You are viewing a plain text version of this content. The canonical link for it is here.
Posted to user@pig.apache.org by Milind Vaidya <ka...@gmail.com> on 2013/01/09 15:49:01 UTC

Pig Avrostorage Issue regarding Schema evaluation

Environment:

Pig version: 0.11
Hadoop 0.23.6.0.1301071353


Script:


REGISTER /homes/immilind/HadoopLocal/Jars/avro-1.7.1.jar
REGISTER /homes/immilind/HadoopLocal/Jars/jackson-all-1.8.10.jar
REGISTER /homes/immilind/HadoopLocal/Jars/jackson-core-asl-1.8.10.jar
REGISTER /homes/immilind/HadoopLocal/Jars/jackson-jaxrs-1.8.10.jar
REGISTER /homes/immilind/HadoopLocal/Jars/jackson-mapper-asl-1.8.10.jar
REGISTER /homes/immilind/HadoopLocal/Jars/jackson-xc-1.8.10.jar
REGISTER /home/gs/pig/current/lib-hadoop23/piggybank.jar

employee= load '/user/immilind/AvroData' using
org.apache.pig.piggybank.storage.avro.AvroStorage( );
dump employee;


Schemas :

{
"type" : "record",
"name" : "employee",
"fields":[
    {"name" : "name", "type" : "string", "default" : "NU"},
    {"name" : "age", "type" : "int","default" : 0},
    {"name" : "dept", "type": "string","default" : "DU"},
    {"name" : "office", "type": "string","default" : "OU"},
    {"name" : "salary", "type": "float","default" : 0.0}
]
}

{
"type" : "record",
"name" : "employee",
"fields":[
    {"name" : "name", "type" : "string", "default" : "NU"},
    {"name" : "age", "type" : "int","default" : 0},
    {"name" : "dept", "type": "string","default" : "DU"},
    {"name" : "office", "type": "string","default" : "OU"},
    {"name" : "salary", "type": "int", "default" : 0}
]
}


Both the schemas differ only in one field.
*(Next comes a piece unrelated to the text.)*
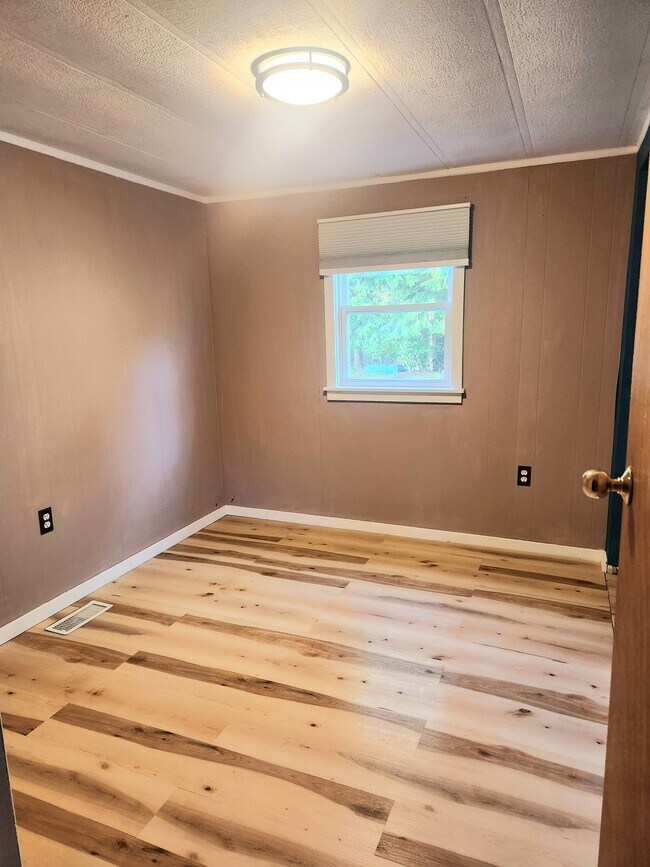 Building Photo - 29 Whitmore Way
As per the schema evolution/
merging rules, I am expecting to see "int" fields loaded as "float". But
instead, the job fails due to field mismatch.

I am referring to :

Similar thread named "Working with changing schemas (avro) in Pig"
https://mail-archives.apache.org/mod_mbox/pig-user/201204.mbox/%3CCAB-acjM6B39OMtWYpYijBBoJxL8MuyRjDzrxmXfBjmtxXcMsOQ@mail.gmail.com%3E

JIRA:
https://issues.apache.org/jira/browse/PIG-2579
How to use "multiple_schema' option with "AvroStorage"  as suggested by
this JIRA ?

Function mergeType indicating rules for primitive types
https://svn.apache.org/repos/asf/pig/trunk/contrib/piggybank/java/src/main/java/org/apache/pig/piggybank/storage/avro/AvroStorageUtils.java



Can anybody suggest what is going wrong ?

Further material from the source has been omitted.